SPINN: Synergistic Progressive Inference of Neural Networks over Device and Cloud

August 14, 2020 · Declared Dead · 🏛 ACM/IEEE International Conference on Mobile Computing and Networking

"No code URL or promise found in abstract"

Evidence collected by the PWNC Scanner

Authors Stefanos Laskaridis, Stylianos I. Venieris, Mario Almeida, Ilias Leontiadis, Nicholas D. Lane arXiv ID 2008.06402 Category cs.LG: Machine Learning Cross-listed cs.CV, cs.DC, stat.ML Citations 327 Venue ACM/IEEE International Conference on Mobile Computing and Networking Last Checked 3 months ago

Abstract

Despite the soaring use of convolutional neural networks (CNNs) in mobile applications, uniformly sustaining high-performance inference on mobile has been elusive due to the excessive computational demands of modern CNNs and the increasing diversity of deployed devices.
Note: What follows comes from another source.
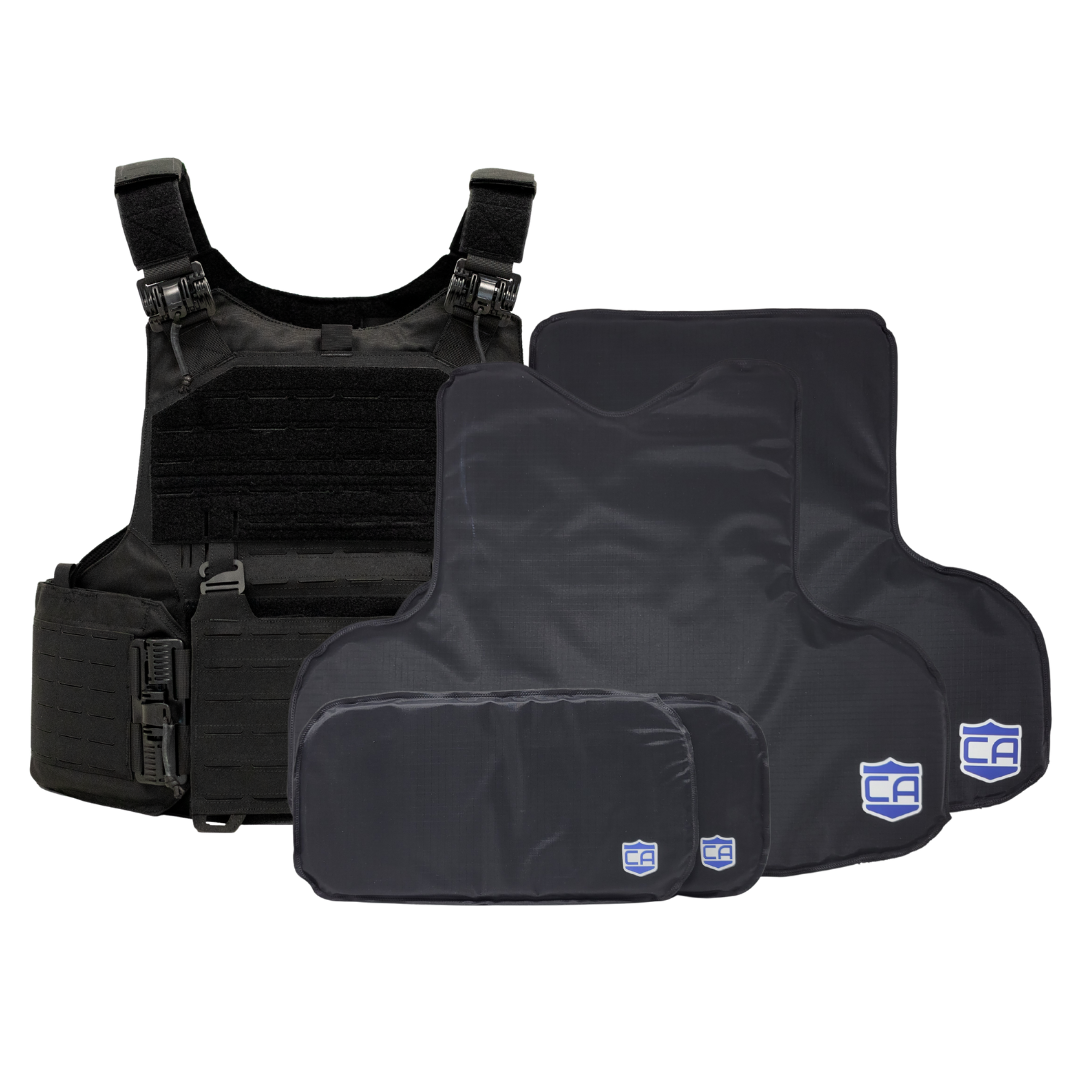Black M.O.D. plate carrier with CaliberX soft wrap around body armor panels & soft armor side panels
A popular alternative comprises offloading CNN processing to powerful cloud-based servers. Nevertheless, by relying on the cloud to produce outputs, emerging mission-critical and high-mobility applications, such as drone obstacle avoidance or interactive applications, can suffer from the dynamic connectivity conditions and the uncertain availability of the cloud. In this paper, we propose SPINN, a distributed inference system that employs synergistic device-cloud computation together with a progressive inference method to deliver fast and robust CNN inference across diverse settings. The proposed system introduces a novel scheduler that co-optimises the early-exit policy and the CNN splitting at run time, in order to adapt to dynamic conditions and meet user-defined service-level requirements. Quantitative evaluation illustrates that SPINN outperforms its state-of-the-art collaborative inference counterparts by up to 2x in achieved throughput under varying network conditions, reduces the server cost by up to 6.8x and improves accuracy by 20.7% under latency constraints, while providing robust operation under uncertain connectivity conditions and significant energy savings compared to cloud-centric execution.